Single by Merle Haggard and The Strangers

from the album The Roots of My Raising
- B-side: "The Way It Was In '51"
- Released: January 12, 1976
- Recorded: 1975
- Genre: Country
- Length: 2:45
- Label: Capitol
- Songwriter(s): Tommy Collins
- Producer(s): Ken Nelson and Fuzzy Owen

Merle Haggard and The Strangers singles chronology
| "It's All in the Movies" (1975) | "The Roots of My Raising" (1976) | "Here Comes the Freedom Train" (1976) |

= The Roots of My Raising (song) =

"The Roots of My Raising" is a song written by Tommy Collins and released by him in 1970. It was famously covered by American country music artist Merle Haggard and The Strangers in January 1976 as the first single and title track from the album The Roots of My Raising. The song was Merle Haggard and The Strangers twenty-third number one on the country chart. The single spent one week at number one and a total of ten weeks on the country chart.

==Content==
The song, sung in first-person, sees a young man who visits his childhood home for the first time in several years. As he approaches home, he reflects on the gravel road and the one-room schoolhouse he attended as a child.
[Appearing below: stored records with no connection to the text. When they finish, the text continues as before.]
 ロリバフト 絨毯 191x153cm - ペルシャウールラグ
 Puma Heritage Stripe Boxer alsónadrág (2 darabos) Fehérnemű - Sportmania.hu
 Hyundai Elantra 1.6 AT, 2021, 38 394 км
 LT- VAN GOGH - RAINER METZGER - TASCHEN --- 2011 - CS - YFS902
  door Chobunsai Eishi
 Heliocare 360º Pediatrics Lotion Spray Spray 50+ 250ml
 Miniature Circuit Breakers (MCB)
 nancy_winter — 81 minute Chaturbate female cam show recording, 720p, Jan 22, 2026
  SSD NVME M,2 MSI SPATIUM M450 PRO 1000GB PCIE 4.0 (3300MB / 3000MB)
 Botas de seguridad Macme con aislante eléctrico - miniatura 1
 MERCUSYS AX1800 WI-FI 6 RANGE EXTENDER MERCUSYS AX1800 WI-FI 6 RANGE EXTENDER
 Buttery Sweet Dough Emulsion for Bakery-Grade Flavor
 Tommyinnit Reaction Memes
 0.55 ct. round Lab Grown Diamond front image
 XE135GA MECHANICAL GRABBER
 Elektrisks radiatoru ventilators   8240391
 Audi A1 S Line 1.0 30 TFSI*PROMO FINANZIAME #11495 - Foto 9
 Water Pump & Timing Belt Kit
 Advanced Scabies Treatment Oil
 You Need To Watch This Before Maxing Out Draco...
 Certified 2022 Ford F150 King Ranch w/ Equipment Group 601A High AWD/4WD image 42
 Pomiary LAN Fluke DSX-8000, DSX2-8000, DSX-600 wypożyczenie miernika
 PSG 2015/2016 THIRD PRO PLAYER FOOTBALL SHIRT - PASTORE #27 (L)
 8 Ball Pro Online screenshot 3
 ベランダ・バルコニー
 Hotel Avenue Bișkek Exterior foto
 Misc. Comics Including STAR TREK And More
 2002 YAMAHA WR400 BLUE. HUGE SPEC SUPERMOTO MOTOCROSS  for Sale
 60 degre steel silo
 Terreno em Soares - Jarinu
Once at home, he sees his father sleeping, comfortably and clutching a photo of his wife (the singer's mother) in his hands. At this point, he speaks of his now-deceased mother and recalls times where people could take out a bank loan simply on a verbal promise of repayment.

==B-side: "The Way it was in '51"==
The flip side of "The Roots of My Raising" was "The Way It Was in '51," which enjoyed minor chart success in 1978, reaching No. 82 on the Billboard Hot Country Singles chart, and gets airplay on classic country stations today.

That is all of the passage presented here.